More than 1,000 fake life jackets found in raid on Turkish workshop staffed with Syrian children
Two children were discovered working in an illegal clothing workshop during a police raid in Turkey’s İzmir province. The operation also uncovered the opportunistic aspect of the blackmarket economy where illegal manufacturing facilities make and then sell low-quality equipment designed to save people’s lives.
Besides discovering the two young Syrian girls among the four employees working at the “factory”, authorities seized 1,263 counterfeits of “renowned” life-jackets of various brands. Some of them were made of tent cloth with poor water resistance and filled with sponges and rags, rather than quality buoyancy material needed to keep potential victims afloat.
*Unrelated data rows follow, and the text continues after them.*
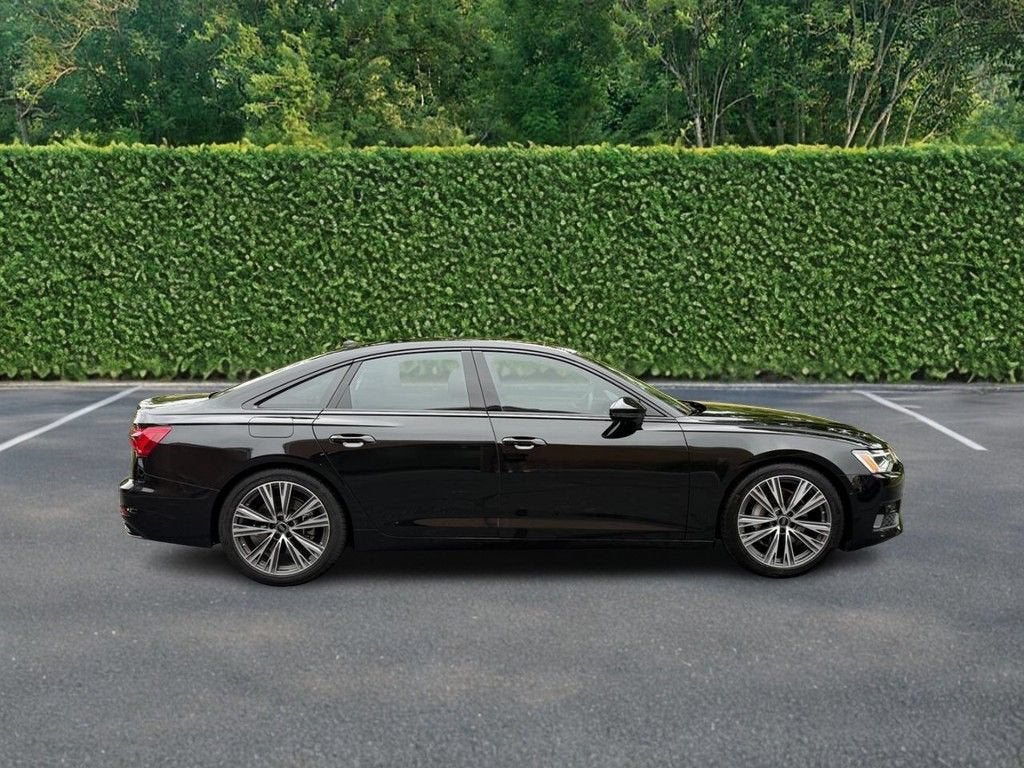 2024 Audi A6 Sedan Premium Plus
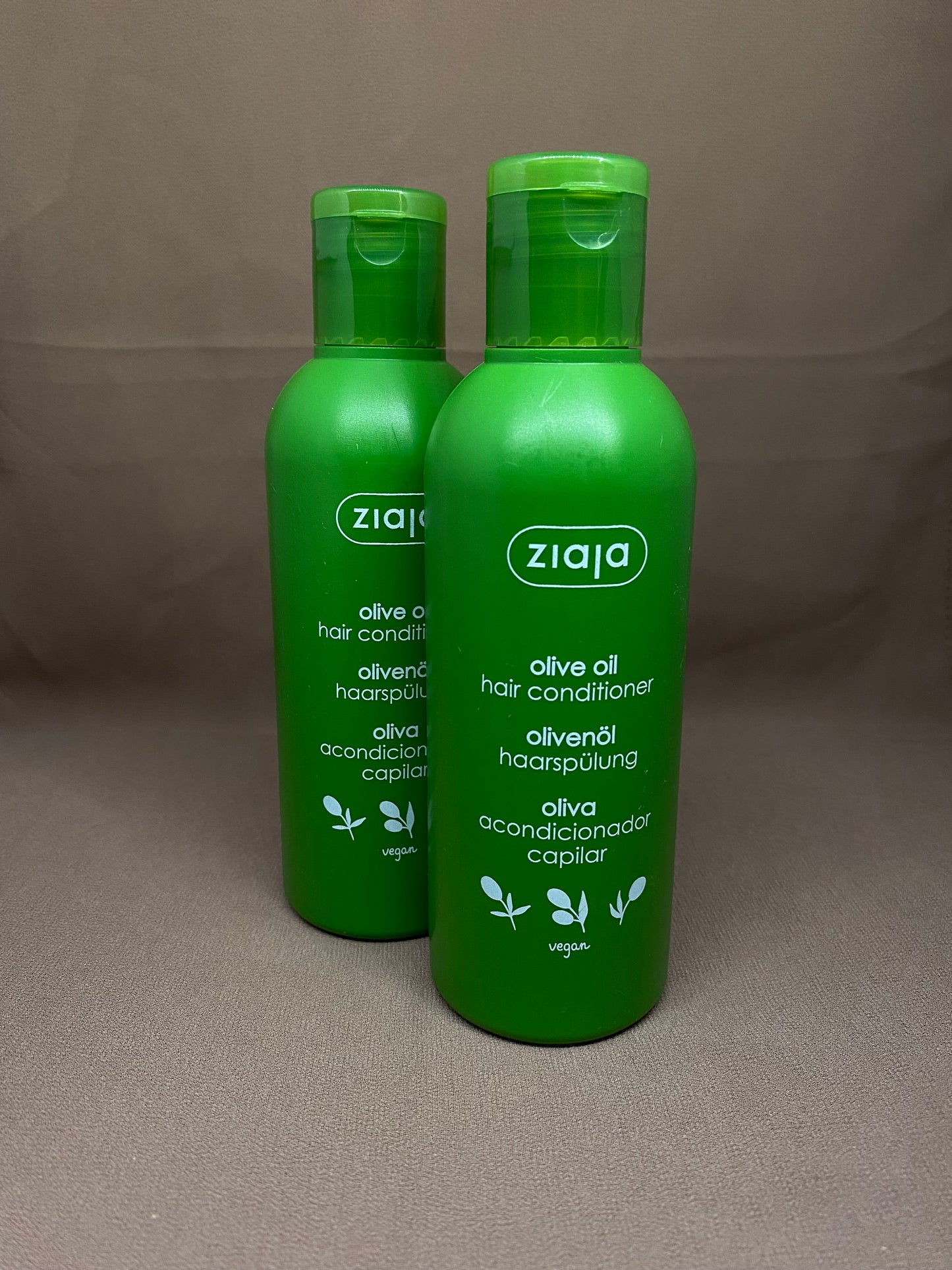 Après-shampoing huile d’olive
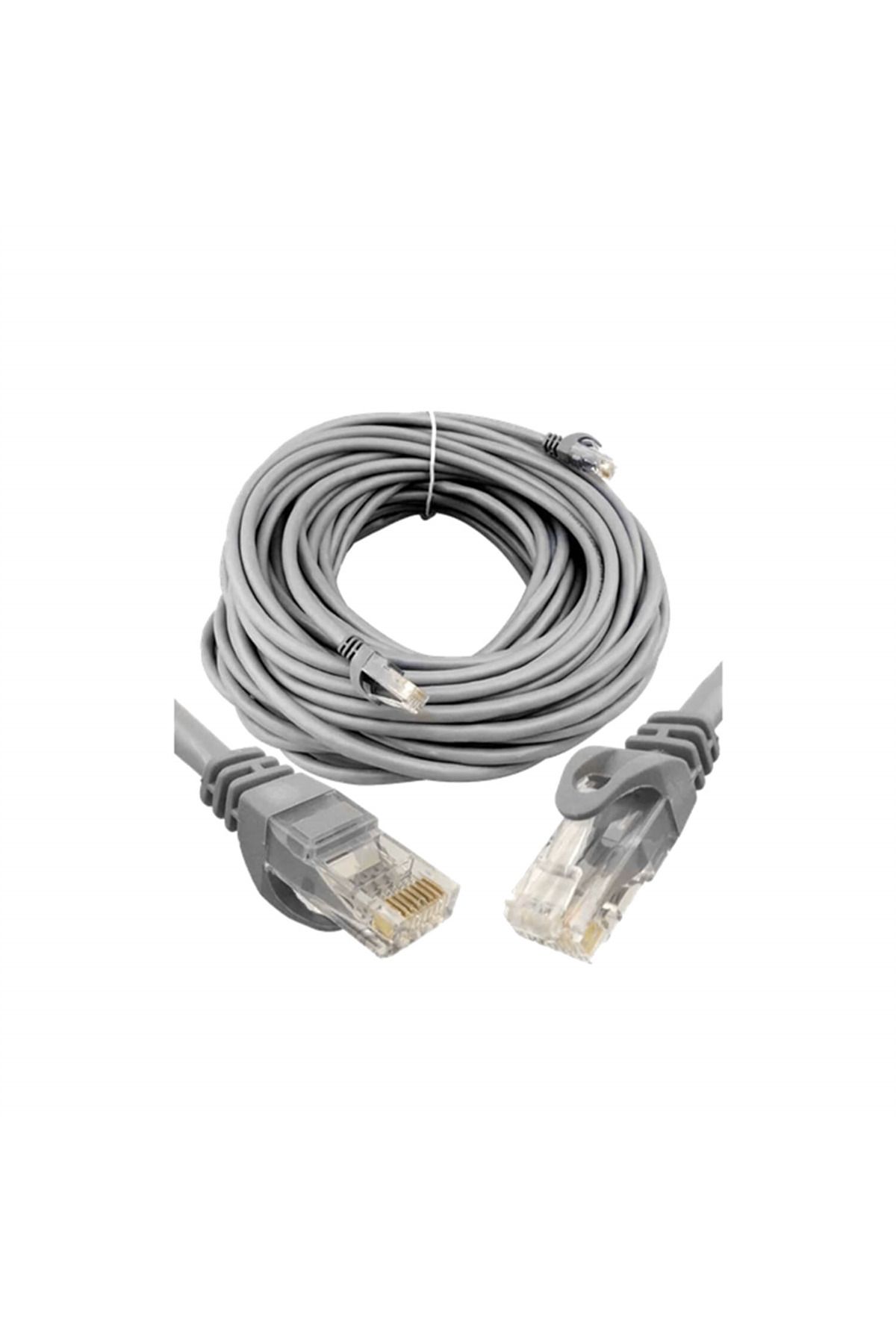 Genel Markalar 15 Metre Cat5 Hazır Ethernet Kablo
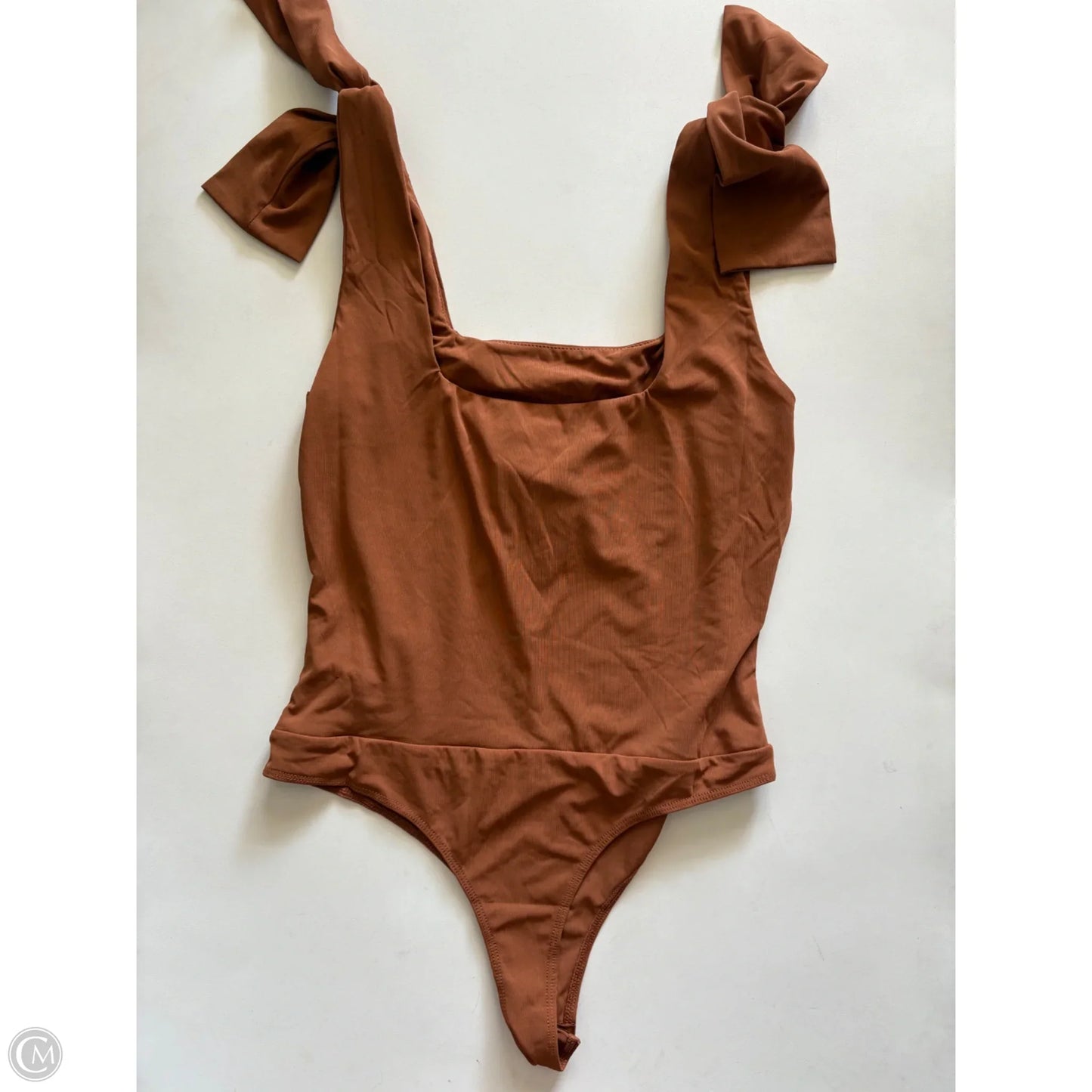Bodysuit By Tcec In Brown, Size: L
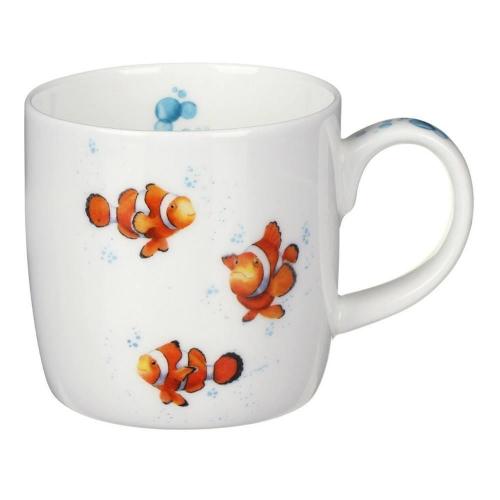 Кружка Рыбка-клоун 310 мл Royal Worcester Забавная фауна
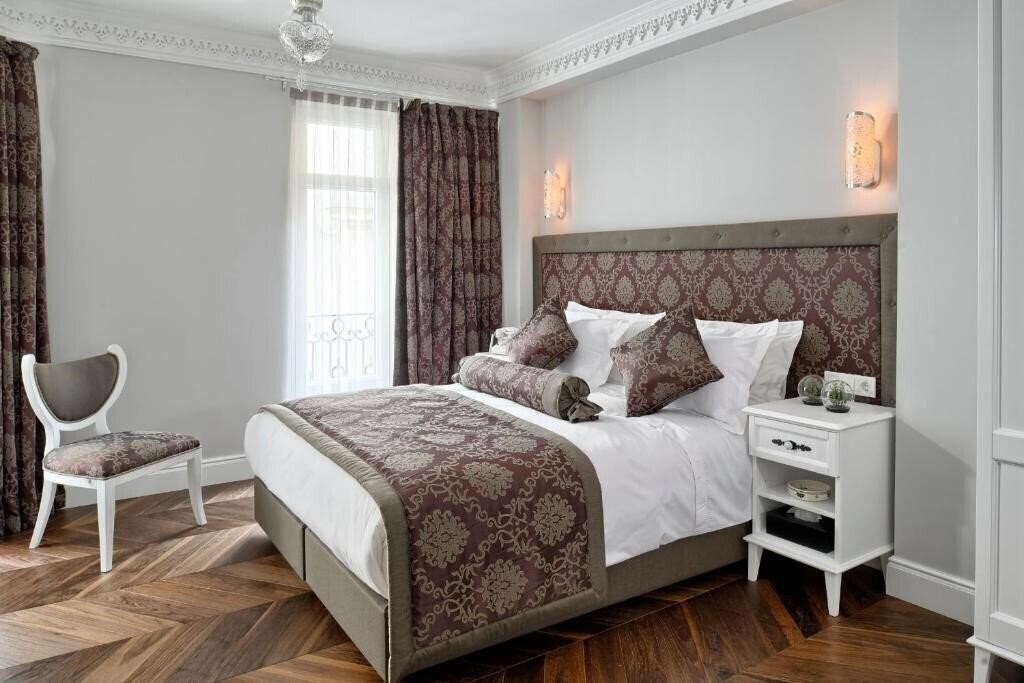 Територія Nexthouse Pera Hotel 4*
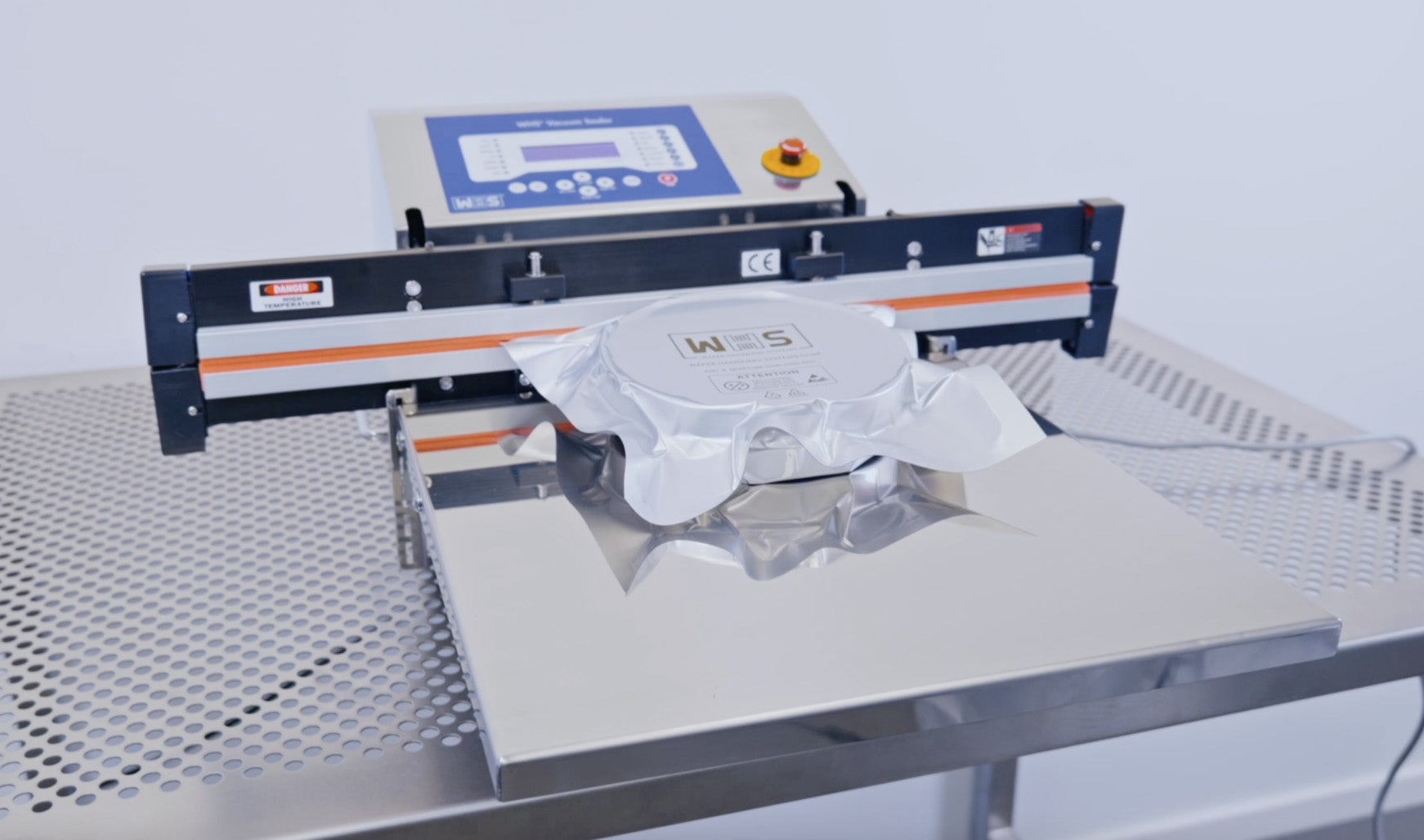 Vacuum sealers
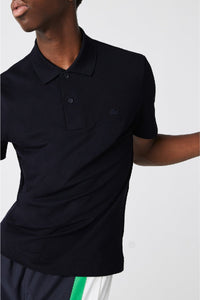 Polo Lacoste Active boutonné - Abîmes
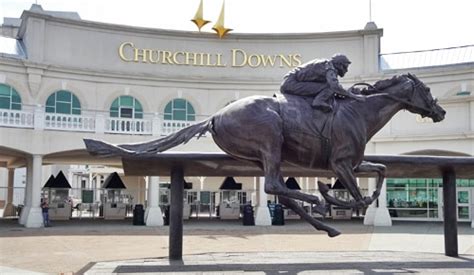 A visit to Churchill Downs and the Kentucky Derby Museum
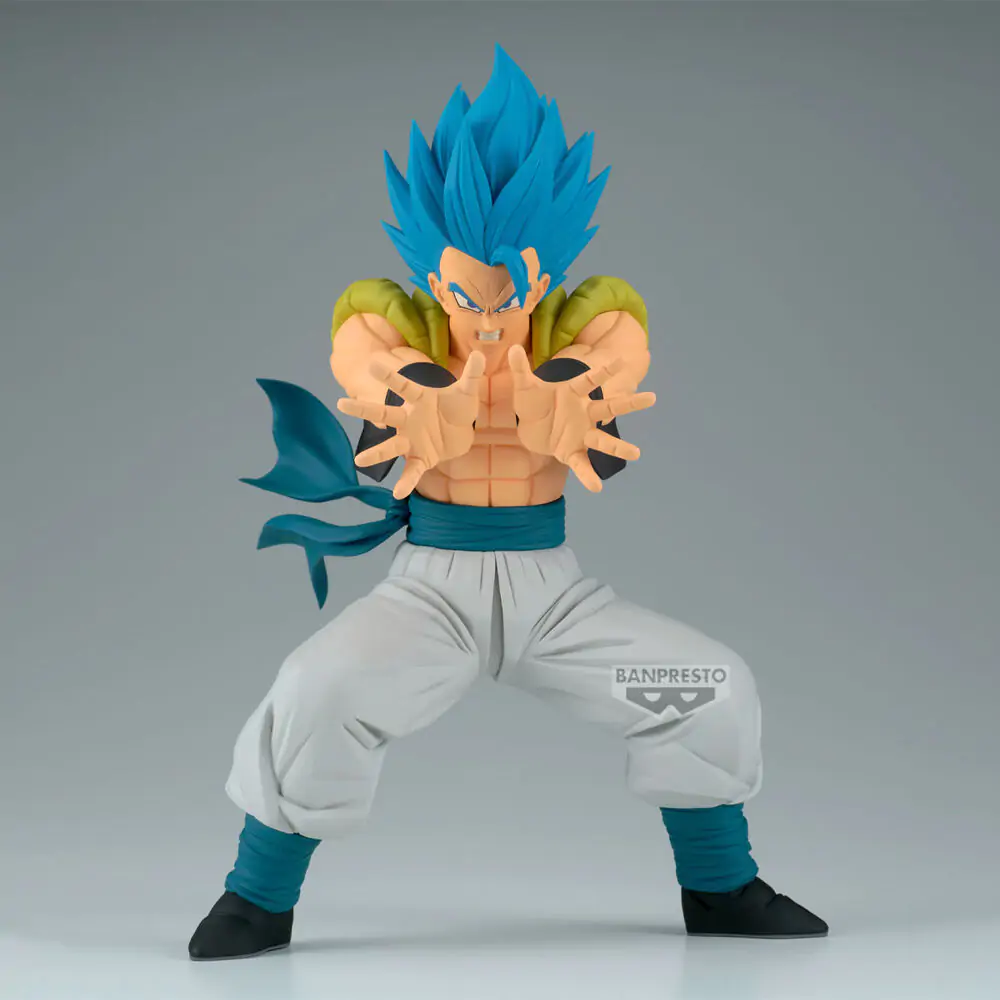 Dragon Ball Z Super Grandista Gogeta figurina 25cm poza produsului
Izmir, which is a major hub for refugees trying to make it to the EU, has become a perfect market place for goods which don't meet required safety standards. According to local media, fake life-jackets are being sold for less than 30 Turkish lira ($10), compared to the 75 lira ($25) which one might pay for a decent-quality product at a proper store, which makes a big difference for impoverished migrants traveling with entire families.
The illegal manufacturing and sale of such poor quality goods has contributed greatly to the 3,771 deaths of those crossing the Mediterranean last year. In 2015 some 1,004,356 migrants reached Europe, according to the International Organization for Migration (IOM). Meanwhile, Turkey remains home to around 2.2 million Syrian refugees, only a portion of whom live in migrant camps.